Five out of the six hospitals report that being able to acquire valid information on shortage duration and availability of alternatives in the initial step. According to Boechenek et al. (44) accessing such information is ultimately determined by the country in which the shortage occurs. In Austria, Belgium, Spain, and Greece, their respective national agencies for medicines are responsible for providing publicly available databases on shortages, whereas in Croatia and Serbia, this falls under the responsibility of the National Health Insurance Fund. However, considering the FMs emerging from this study, it seems that the data provided via these databases in H-AT, H-BE, and H-SP are neither up-to-date nor easily accessible to health-care professionals to readily share information. Reporting itself is not mandatory; thereby, if there is information at all, it is often not comprehensive and does not meet the purpose of finding an alternative. Furthermore, failing to share/transfer the required information on alternatives through internal hospital information systems is evident (FM 9 in H-AT, H-GR, and H-SP but 16 in H-CR), which needs to be better addressed in the future. As indicated, information sharing is essential in potential and ongoing shortages as it can provide appropriate antibiotic substitutions to meet time-sensitive situations. Moreover, established guidelines help restrict antimicrobial use in shortages to those patients who are ranked highest by priority (10). Clear decision-making processes that include communication between hospital pharmacies and DTCs may therefore assist through prioritizing patients and implementing substitution protocols (45). Health-care professionals should also be educated on how to use these protocols and how to prioritize patients when needed (3).

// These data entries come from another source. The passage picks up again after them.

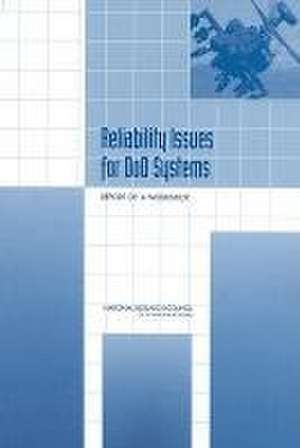 Reliability Issues for Dod Systems de National Research Council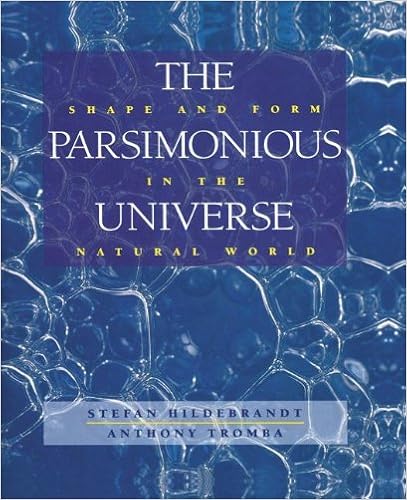 The Parsimonious Universe: Shape and Form in the Natural World The Parsimonious Universe: Shape and Form in the Natural World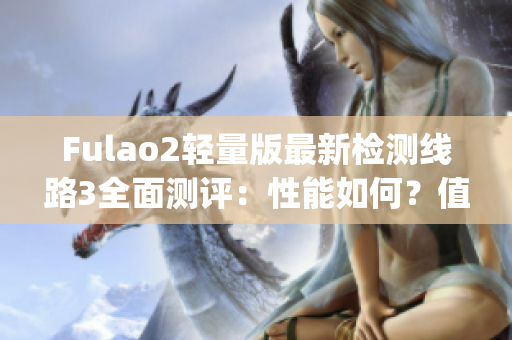 Fulao2轻量版最新检测线路3全面测评：性能如何？值得购买吗？(1)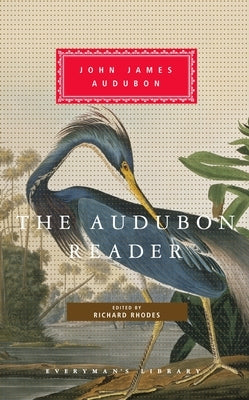 The Audubon Reader: Edited and Introduced by Richard Rhodes by Audubon, John James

A lack of timely and direct communication represents one of the main barriers in managing antibiotic shortages (4, 46). Arising from the features of IT facilities coupled with a lack of human resources in conjunction with the high workload described, the FMs are linked to the absence of proper channels of communication scored above 9 in H-BE, H-GR, and H-SP. Moreover, in H-BE, where the FM scored 9, a delay in transferring data on antibiotic shortages led to unadjusted stock levels. To combat against these issues, it is essential to disseminate information on shortages successfully. Therefore, a network of decision-making clinicians and other stakeholders within a respective health-care setting must be established (10). Notifying health-care professionals should be performed prior to the actual medicine request submitted to the pharmacy when the antibiotics in question are only available in limited quantities or otherwise completely unavailable (10). Furthermore, any notification on shortages should also comprise additional data on substitutes, including their indication for use, and should be readily available at the point of care. These notifications must be compiled as such so that health-care professionals need not perform any additional literature research when trying to decide on alternatives (10, 17). The decision-making process may also be based on checklists to facilitate consistency in substitution, where data regarding a medicine's dosage, administration particularities, and any potential look-alike or sound-alike risks are to be clearly stated (16).

Appropriateness Assessment for Antibiotic Substitution

Multidisciplinary committees play a vital role in facilitating decisions on antibiotics within a health-care facility (4). DTCs in both H-AT and H-BE oversee the process of substitution, thereby allowing for a multidisciplinary patient assessment with particulars to given cases to be accounted for. As presented in H-BE, an antimicrobial stewardship subcommittee thoroughly elaborates on aspects of antimicrobial substitution and accounts for potential patient groups and diseases. Antimicrobial stewardship programs have also been cited as a way to disseminate information on substitution in order to provide better-coordinated care and increase patient safety (10, 47).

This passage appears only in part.